Kegiatan bakti sosial ini mendapat dukungan penuh dari berbagai pihak. Tim tenaga kesehatan dari Puskesmas Siwalan bertugas memberikan pelayanan medis dan pendampingan kepada akseptor KB, sedangkan Koramil Sragi–Siwalan berperan aktif dalam mendukung kelancaran jalannya kegiatan serta membantu menggerakkan masyarakat untuk berpartisipasi. Sementara itu, Balai Penyuluh KB Kecamatan Siwalan turut serta dalam memberikan edukasi dan konseling kepada masyarakat terkait pentingnya perencanaan keluarga.
Selama kegiatan berlangsung, suasana berjalan dengan tertib, lancar, dan penuh antusiasme dari peserta. Masyarakat menyambut baik kegiatan ini, terlihat dari tingginya minat ibu-ibu yang datang untuk memanfaatkan pelayanan KB gratis yang disediakan. Para peserta juga diberikan informasi seputar manfaat KB, cara kerja IUD dan implant, serta penjelasan mengenai efek samping yang mungkin timbul agar mereka lebih memahami dan merasa tenang dalam menggunakan kontrasepsi jangka panjang.
[Gambar][Gambar][Gambar]
Selain memberikan manfaat langsung berupa pelayanan KB, kegiatan ini juga memiliki tujuan jangka panjang yaitu meningkatkan kesadaran masyarakat tentang pentingnya pengendalian jumlah dan jarak kelahiran. Hal ini sejalan dengan misi pembangunan kesehatan nasional yang berfokus pada peningkatan kualitas sumber daya manusia.

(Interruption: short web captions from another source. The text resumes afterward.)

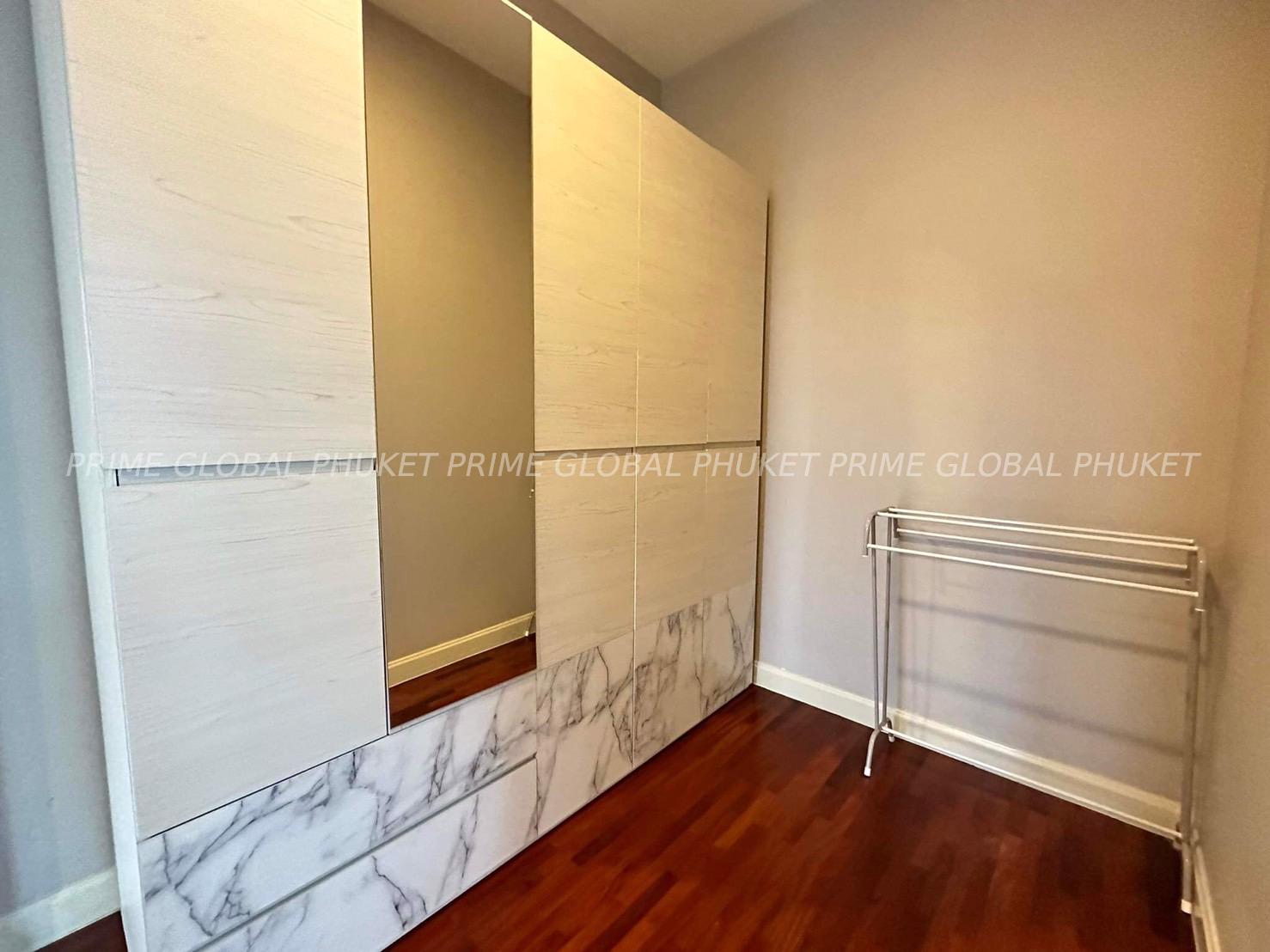 88 Land and House Koh Kaew 98 Sq.w  for Rent 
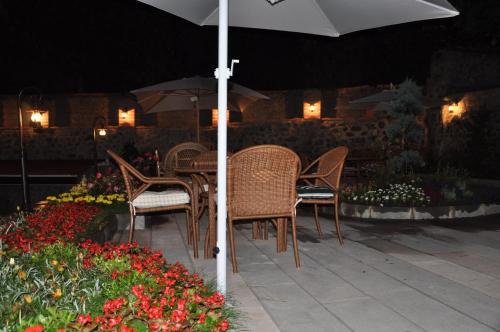 Hostal Tas Konak Hotel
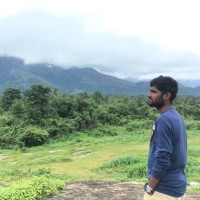 Pranesh S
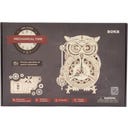 ROKR Owl Clock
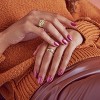 KISS Products Gel Fantasy Magnetic Fake Nails - Set Us Free - 31ct - 2 of 4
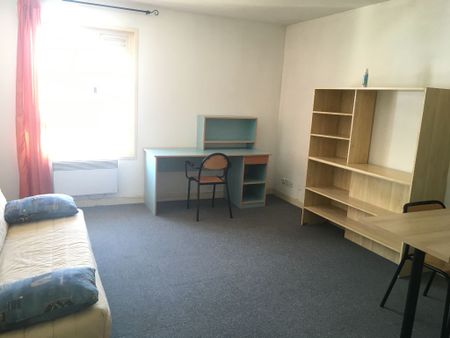 Location Appartement 1 pièce Meublé 30m² MONTPELLIER 34080 - Photo 3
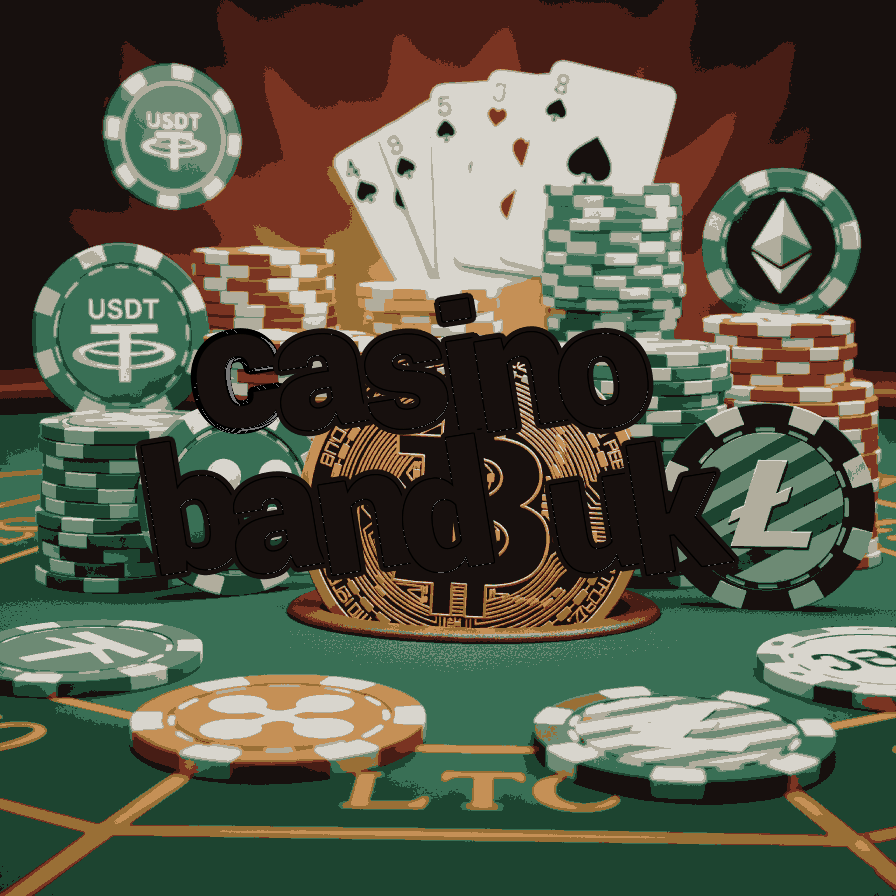 Casino Band UK - Best UK Casino Band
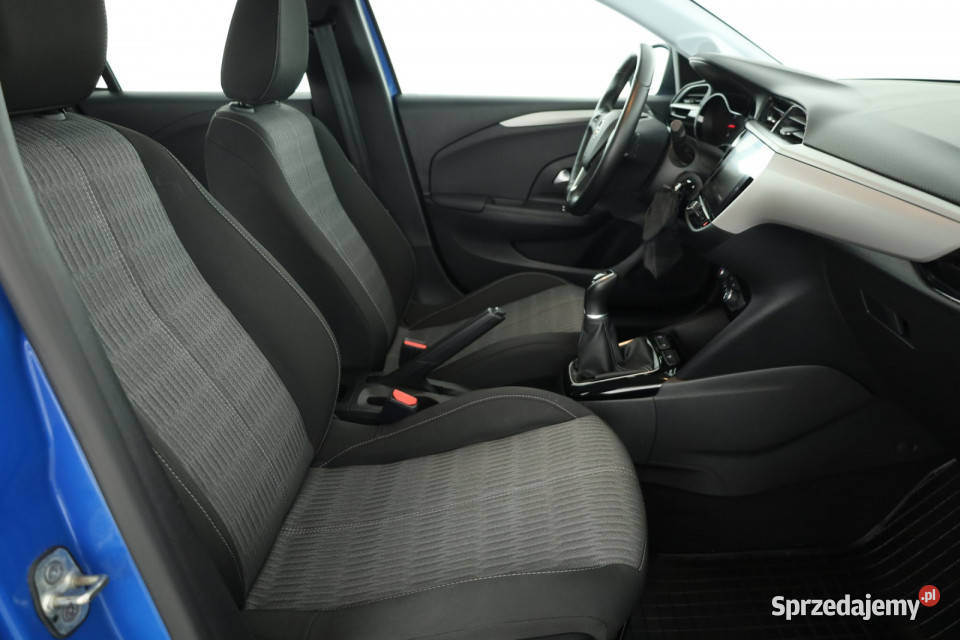 Opel Corsa 12 Corsa Piaseczno
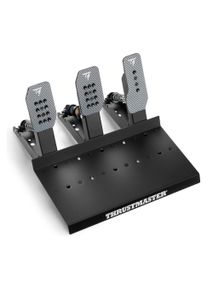 Thrustmaster Raceline Pedals III LC (PC, PS4, PS5, Xbox One S, Xbox One X, Xbox Series S, Xbox Series X), Gaming Controller, Schwarz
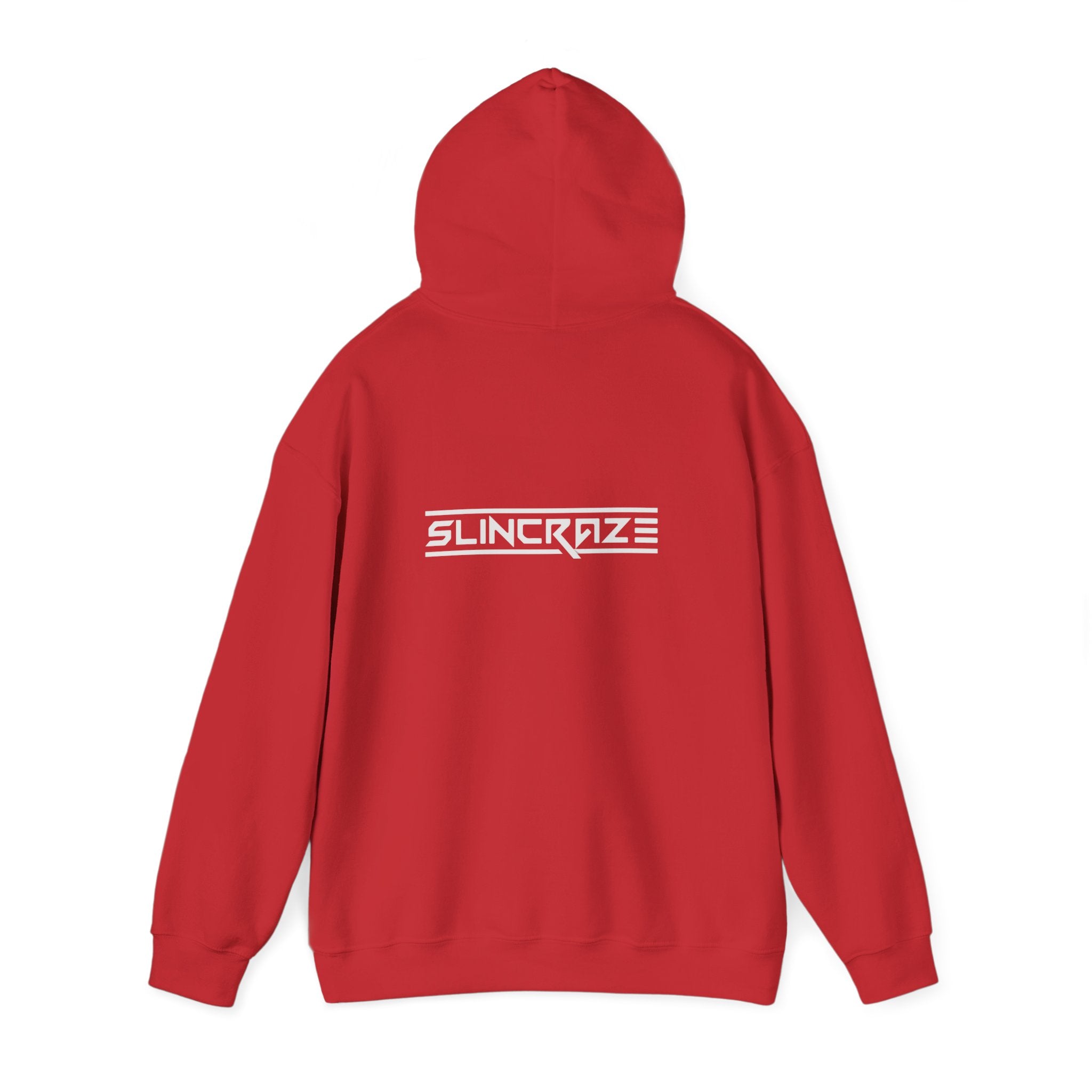 SlinCraze Hoodie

Dengan keluarga yang sehat dan terencana, diharapkan anak-anak dapat tumbuh dengan baik, pendidikan lebih terjamin, dan kesejahteraan masyarakat meningkat.
Kepala Puskesmas Siwalan menyampaikan apresiasi dan terima kasih kepada seluruh pihak yang telah berkolaborasi dalam kegiatan ini, terutama kepada Koramil Sragi–Siwalan dan Balai Penyuluh KB Kecamatan Siwalan. Kolaborasi lintas sektor ini membuktikan bahwa upaya meningkatkan kesehatan masyarakat, khususnya dalam bidang KB, membutuhkan peran serta semua elemen, baik tenaga kesehatan, aparat, maupun masyarakat itu sendiri.
Dengan berakhirnya kegiatan Bakti Sosial TNI Manunggal Pelayanan KB MJKP IUD & Implant ini, Puskesmas Siwalan berharap manfaatnya dapat dirasakan langsung oleh masyarakat. Semoga kegiatan serupa dapat terus berlanjut di masa mendatang sehingga semakin banyak keluarga yang memperoleh akses pelayanan KB berkualitas dan mampu mewujudkan keluarga kecil yang bahagia serta sejahtera.